Du point de vue de sa composition, le CVS constitue déjà un espace dans lequel sont représentés les résidents et les familles. Or 10 % à 20 % de résidents n'ont aucune famille proche et ne sont donc plus entendus dans les établissements. Il faudrait étendre leur représentation aux associations de bénévoles qui s'occupent d'eux. On pourrait même envisager la présence de représentants d'associations de quartier ou d'élus locaux chargés de la vie de la cité, afin d'encourager un lien entre les résidents et la vie locale. Le personnel aussi est représenté dans le CVS. L'instance pourrait donc utilement contribuer au renforcement du dialogue entre les familles et les soignants. C'est pourquoi nous proposons qu'un représentant des soignants soit obligatoirement intégré dans chaque CVS.

Du point de vue de son fonctionnement, le CVS n'a qu'un rôle consultatif. Sans sanction ni contrôle, il est rarement mis en place. Nous souhaitons que ces conseils deviennent des instances de concertation, avec obligation d'examiner certains points annuellement – projet d'établissement, lutte contre la maltraitance, promotion de la bientraitance, par exemple. Sur le modèle du conseil social et économique (CSE) des entreprises, le CVS participerait ainsi à la gouvernance de l'établissement. Il serait également pertinent de permettre aux CVS d'allouer une part du budget de l'établissement à des activités culturelles, de stimulation intellectuelle ou de renforcement du lien social.

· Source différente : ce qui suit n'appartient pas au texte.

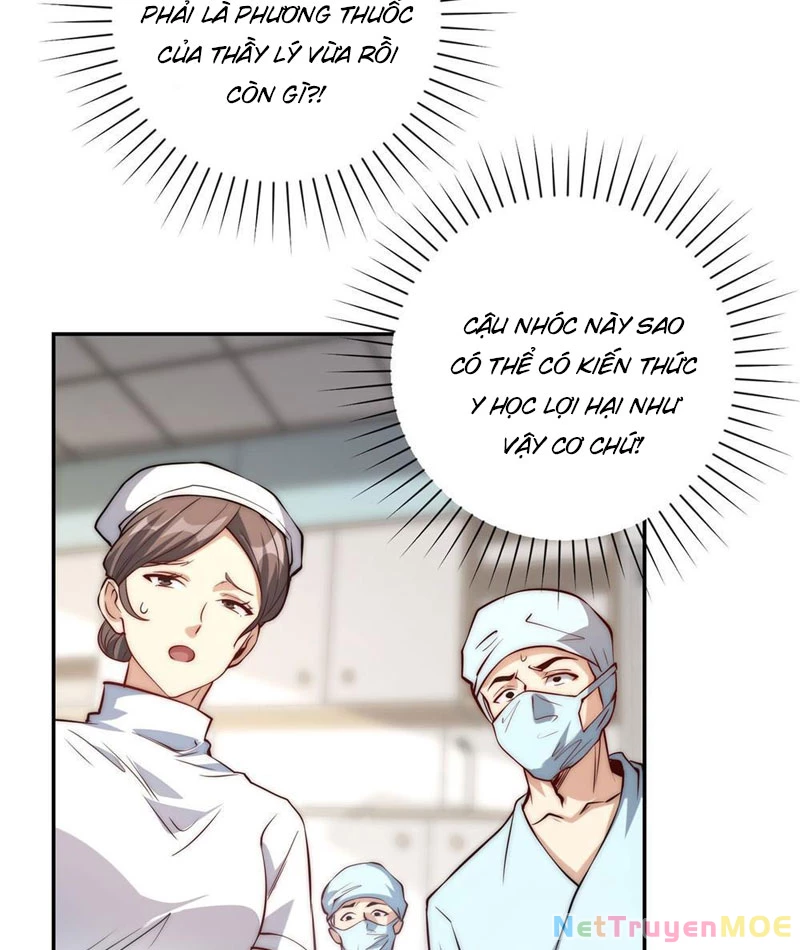 Dị Năng Trùng Sinh Ta Sớm Ở Đỉnh Cao Chapter 2 - Trang 7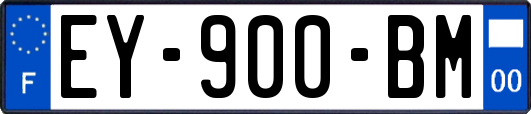 EY-900-BM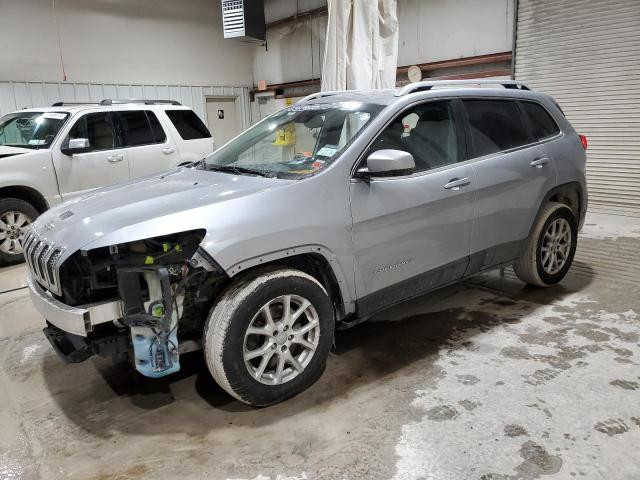 JEEP GRAND CHEROKEE 2014 1c4pjlcs7ew186876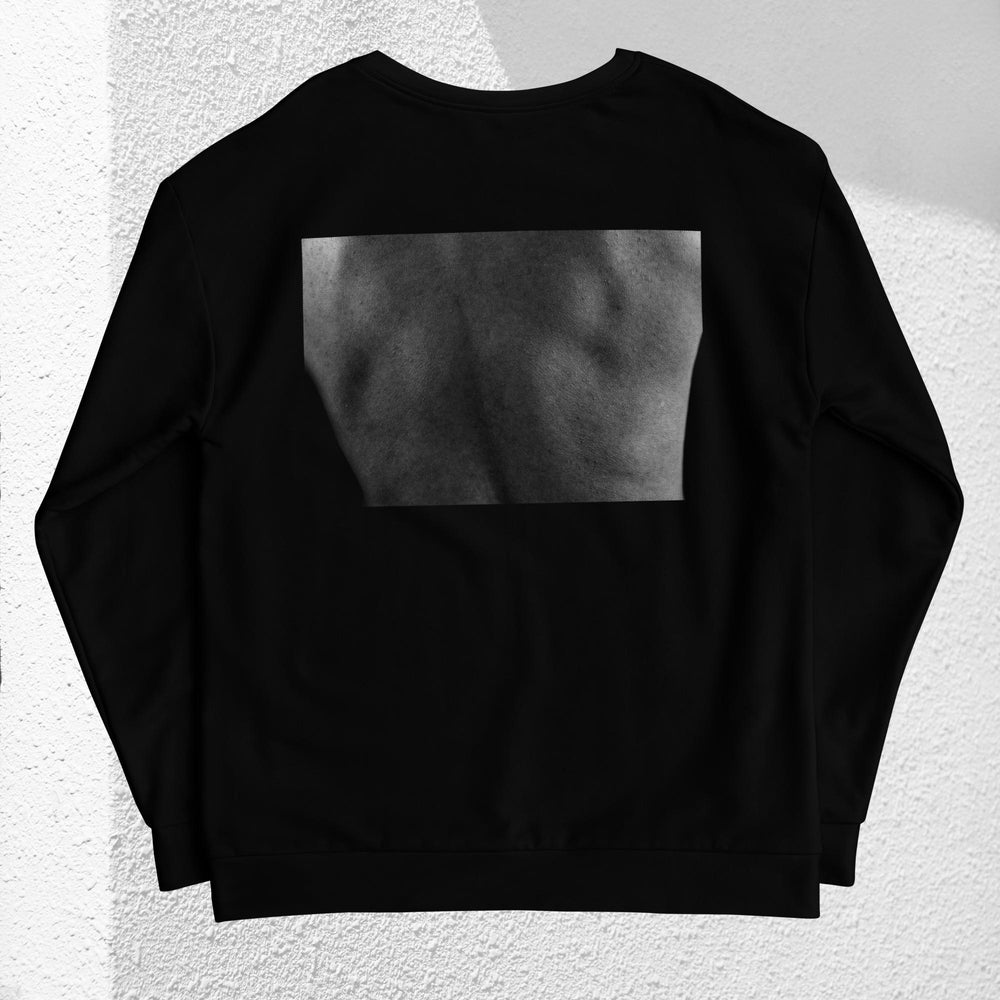 
            
                Load image into Gallery viewer, Cowrie Chest Sweatshirt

Ce rôle renforcé appellerait une modernisation de la formation et de l'information concernant le CVS. Les associations représentant les aidants l'ont souligné, cette instance est souvent découverte par hasard, au cours des échanges entre les résidents et les familles. Il faut absolument informer de son existence dès l'entrée en EHPAD, par le biais d'affiches par exemple. Ce rôle nouveau appellerait également une formation accrue des participants. Comme dans les CSE, des sessions de formation à destination des représentants des familles et du personnel pourraient leur rappeler le rôle de l'instance, les droits fondamentaux dont disposent les résidents et leurs familles, ainsi que leur droit à l'information sur ce qui se passe dans l'établissement.

Pour dessiner une perspective d'amélioration concrète de la vie des résidents, nous sommes parties du principe que la sociabilité est unanimement reconnue comme l'une de leurs principales sources de joie. Nous avons repris à notre compte les propositions visant à lutter contre l'isolement par l'ouverture des EHPAD sur leur environnement immédiat. Sur le modèle des tiers‑lieux que propose la Caisse nationale de solidarité pour l'autonomie (CNSA), certains établissements pourraient accueillir des crèches, intégrer des activités ouvertes aux personnes extérieures...

Ce sont là quelques pistes d'améliorations concrètes et immédiates, dans l'attente d'une réforme structurelle de la prise en charge de nos aînés.